If the links to your policies are not easily visible and accessible, users can make the argument that they had no knowledge of the site’s terms and policies in the event that a legal dispute should arise.
Here, iHerb states that just by accessing and using their website, users are agreeing that they have read and understood the terms. How can a user be bound to these terms if the agreement is not prominently placed on the website?
How a Browsewrap Agreement Should Look
One browsewrap best-practice is to include your policies in a banner that follows the user as they scroll the page.
Comedy Central does a great job of this:
Comedy Central’s browsewrap agreement notifies the user of their policies with a floating banner on the bottom of the page. To make it harder for visitors to argue that they did not notice Comedy Central’s policies, they’ve placed obvious, bright pink hyperlinks within the banner to their policies so that the user can clearly see them.
If done in this way, your browsewrap agreement will not look deceptive. The key is transparency: if your terms are buried at the bottom of a page so that users have to search for them, you’re not making a good case for your agreement in court.
Be safe and make sure your browsewrap agreement catches the user’s attention; you want users to acknowledge your terms immediately.
2. Clickwrap: What it is and What You Need to Know
Forcing users to manually accept your terms in some way makes your policies more enforceable, which will strengthen your case if legal claims are made against you.
Here are some examples of court cases that have ruled in favor of the enforceability of clickwrap agreements:
Davis v. HSBC Bank Nevada, N.A – In this case, a customer sued after discovering there was an annual fee of $59 for a credit card. He’d originally applied because of a $25 reward certificate.The court reasoned that the annual fee would have been discoverable had he read the terms and conditions in the scrolling box menu before clicking “I Agree”.
Caspi v. Microsoft LLC – Caspi, along with other Microsoft customers, accused Microsoft of breach of contract and fraud regarding Microsoft’s online service. Microsoft filed a motion to dismiss, which was granted by the court.
Why? The plaintiff had to navigate through each page of Microsoft’s agreement, which required them to click “I Agree” before proceeding to each page. In short, they had the opportunity to read through the terms before accepting, binding them to the terms laid out by Microsoft.

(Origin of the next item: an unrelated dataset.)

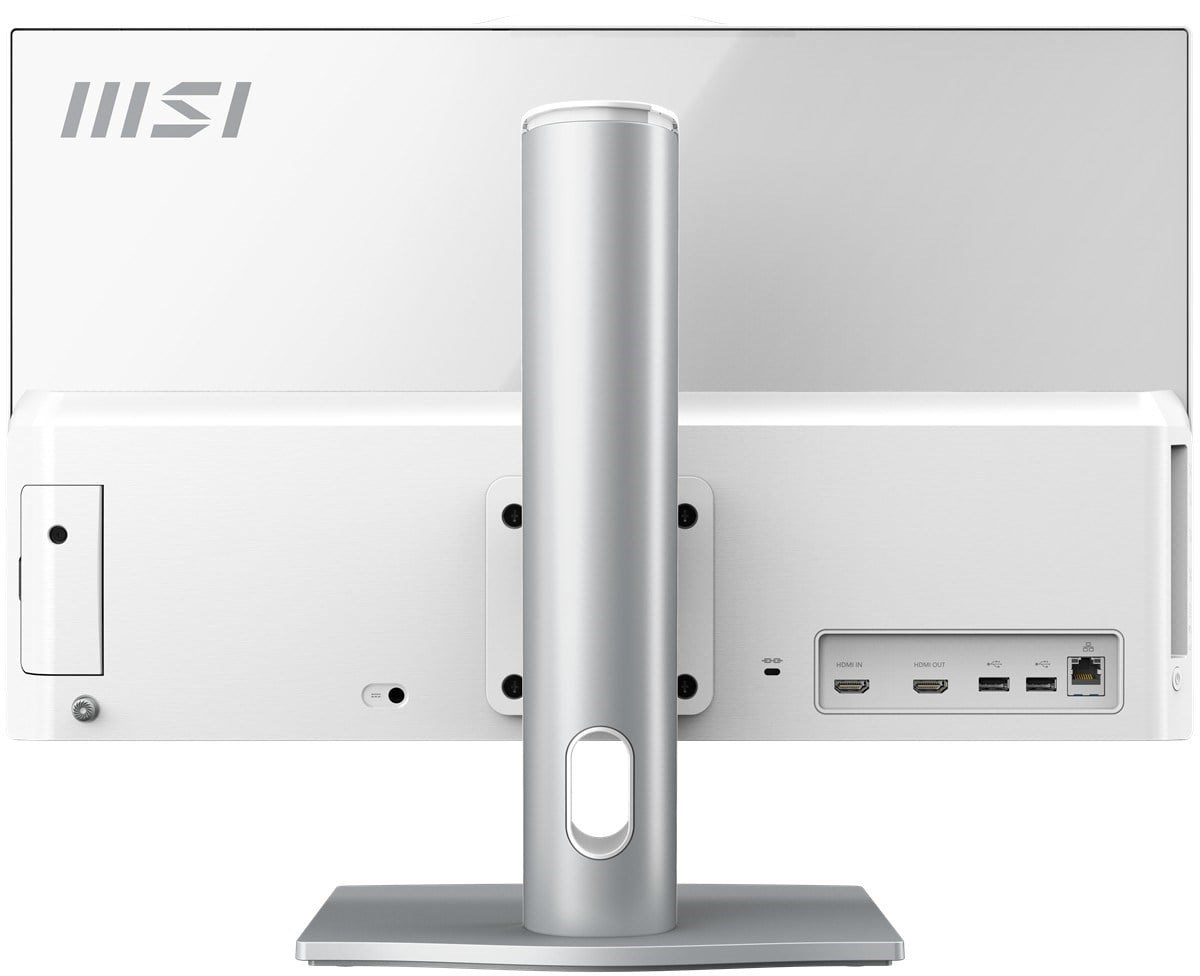 MSI AIO 23.8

A.V., et al. v. iParadigms LLC – iParadigms’ subsidiary company, Turnitin, evaluates written works from students to avoid plagiarism. Educational institutions require students to submit their work electronically to Turnitin, which then compares their work to other online content, works previously uploaded to Turnitin’s database, and to other journalistic and commercial databases.
In the end, the court sided with iParadigms because their “online registration agreement, that contained a limitation of liability clause, was an enforceable contract and precluded the students’ copyright infringement suit against the defendant.”
For many webmasters and online businesses, clickwrap is becoming the preferred agreement because it’s upfront about presenting the user with the site’s legal policies.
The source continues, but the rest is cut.